_Task item_
Every line from the one with "Traxxas Compatible 520" through the end of the entries below should be written out exactly; the pictures should not.

_Records to process_

▬▬▬▬▬▬

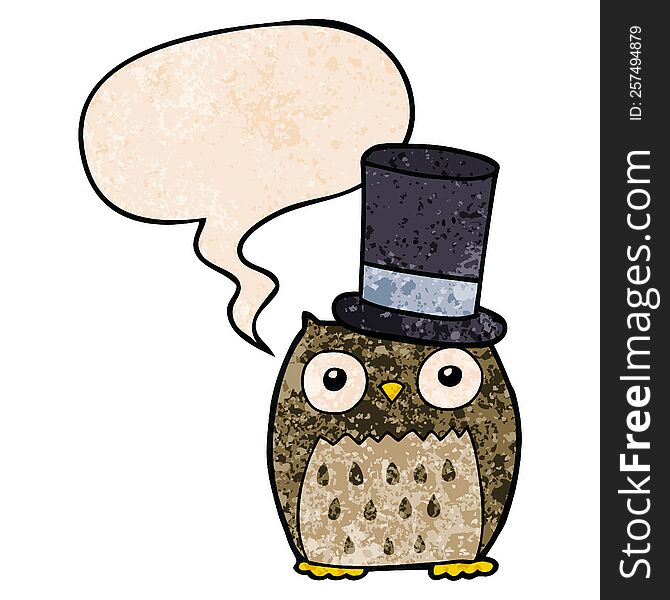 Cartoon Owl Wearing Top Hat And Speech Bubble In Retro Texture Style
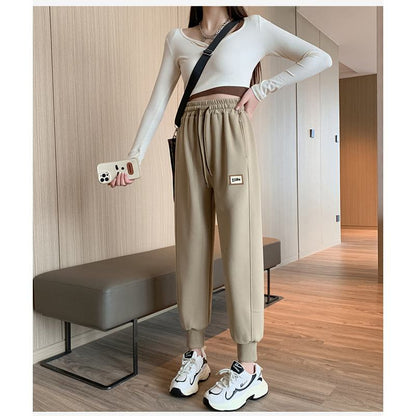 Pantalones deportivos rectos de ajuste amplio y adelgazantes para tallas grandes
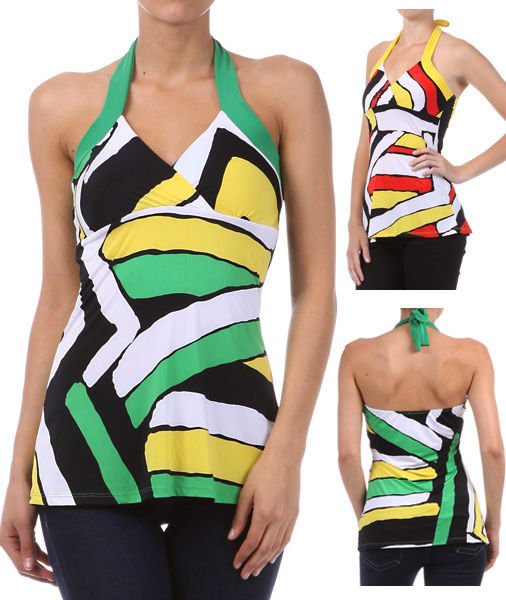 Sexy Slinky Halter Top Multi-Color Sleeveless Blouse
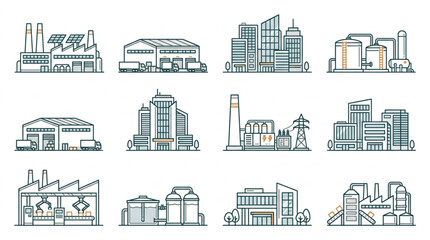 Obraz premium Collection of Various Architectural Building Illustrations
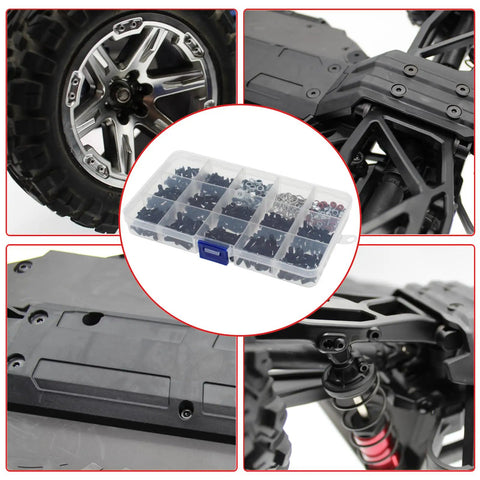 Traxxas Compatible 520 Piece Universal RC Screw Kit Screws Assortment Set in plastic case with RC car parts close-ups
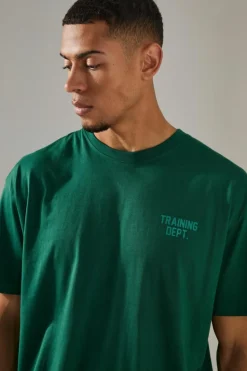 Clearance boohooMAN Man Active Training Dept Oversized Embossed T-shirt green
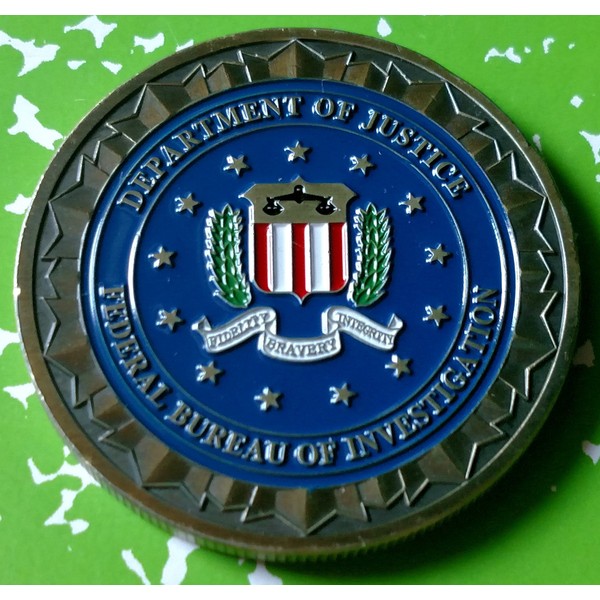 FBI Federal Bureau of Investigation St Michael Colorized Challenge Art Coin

▬▬▬▬▬▬

_Answer for the task_
 Traxxas Compatible 520 Piece Universal RC Screw Kit Screws Assortment Set in plastic case with RC car parts close-ups
 Clearance boohooMAN Man Active Training Dept Oversized Embossed T-shirt green
 FBI Federal Bureau of Investigation St Michael Colorized Challenge Art Coin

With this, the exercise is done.